The seroprotection rate*, seroconversion rate* and the seroconversion factor** for anti-HA antibody to H1N1v in children aged 12-35 months by HI assay after administration of 7.5 µg of Focetria were as follows:
Children 12-35 months | ||||
---|---|---|---|---|
Anti-HA antibody | 21 days after 1st dose(day 22) | 21 days after 2nd dose (day 43) | ||
Total N=66 | Seronegative at baseline N=45 | Total N=66 | Seronegative at baseline N=45 | |
Seroprotection rate (95% CI) | 100% (95-100) | 100% (92-100) | 100% (95-100) | 100% (92-100) |
GMR (95% CI) | 33 (21-51) | 48 (29-79) | 93 (54-159) | 145 (88-238) |
Seroconversion or Significant Increase (95% CI) | 100% (95-100) | 100% (92-100) | 100% (95-100) | 100% (92-100) |
* measured by HI assay
** geometric mean ratios of HI
Data on responses to a second dose administered after an interval of three weeks showed an increase in overall GMT from 307 to 873 (N=66) and an increase in GMT from 243 to 733 in children who were seronegative at baseline (N=45).

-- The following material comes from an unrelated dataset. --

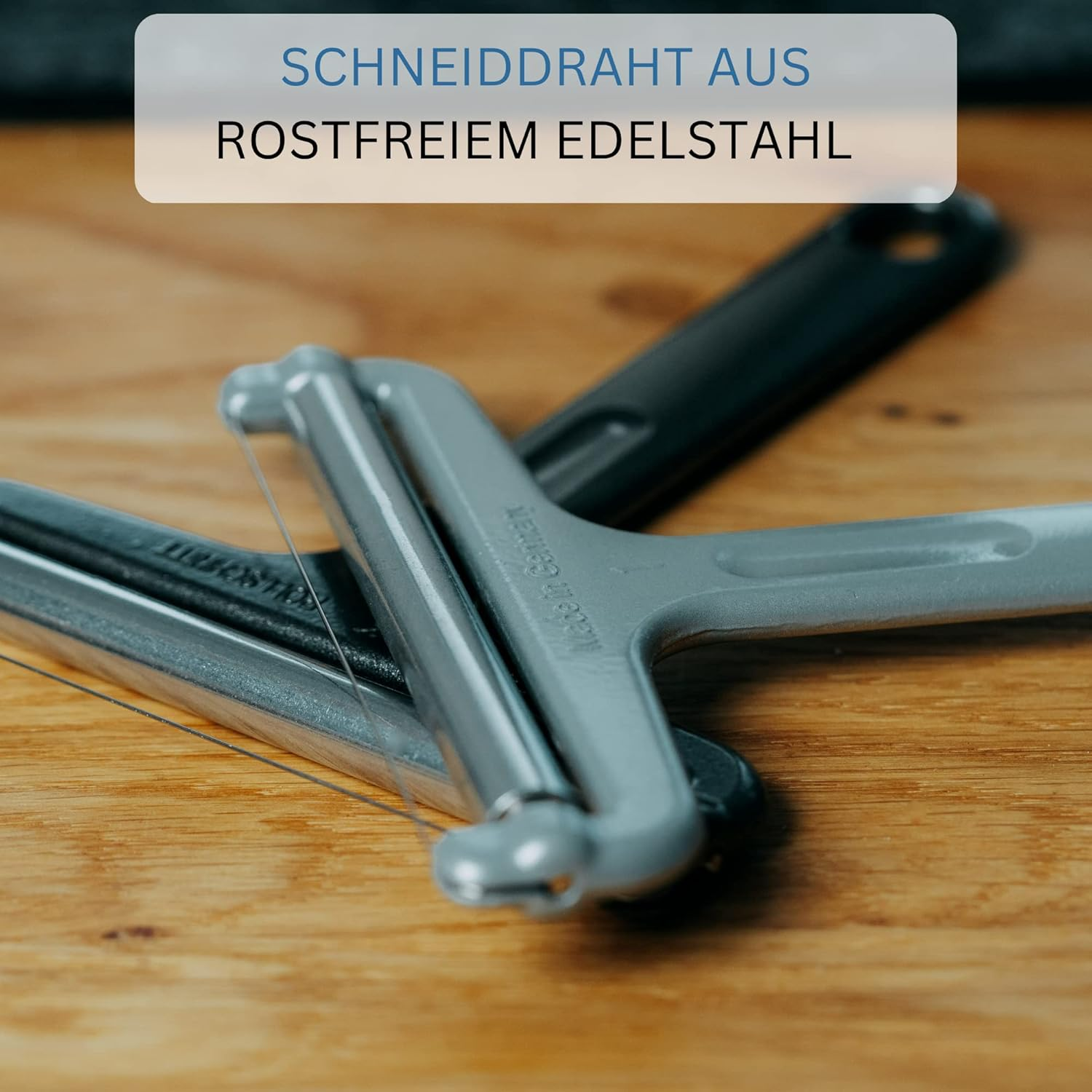 Westmark Cheese Slicer with Roller and Cutting Wire, Silver image number 5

The seroprotection rate*, seroconversion rate* and the seroconversion factor** for anti-HA antibody to H1N1v in infants aged 6-11 months by HI assay after administration of 7.5 µg of Focetria were as follows:
Infants 6-11 months | ||||
---|---|---|---|---|
Anti-HA antibody | 21 days after 1st dose(day 22) | 21 days after 2nd dose (day 43) | ||
Total N=57 | Seronegative at baseline N=37 | Total N=57 | Seronegative at baseline N=37 | |
Seroprotection rate (95% CI) | 100% (94-100) | 100% (91-100) | 100% (94-100) | 100% (91-100) |
GMR (95% CI) | 21 (14-30) | 32 (18-55) | 128 (74-221) | 274 (196-383) |
Seroconversion or Significant Increase (95% CI) | 96% (88-100) | 100% (91-100) | 98% (91-100) | 100% (91-100) |
* measured by HI assay
** geometric mean ratios of HI
Data on responses to a second dose administered after an interval of three weeks showed an increase in overall GMT from 274 to 1700 (N=57) and an increase in GMT from 162 to 1399 in children who were seronegative at baseline (N=37).
Additional information is available from the studies conducted with a vaccine similar in composition to Focetria but containing antigen derived from H5N1 viruses. Please consult the Product Information of: Pandemic influenza vaccine (H5N1) (surface antigen, inactivated, adjuvanted).
Not applicable.
Non-clinical data obtained with the mock-up vaccine (MF59C.1-adjuvanted H5N1 vaccine) and with seasonal vaccine containing MF59C.1 adjuvant reveal no special hazard for humans based on conventional studies of efficacy, repeated dose toxicity, and reproductive and developmental toxicity.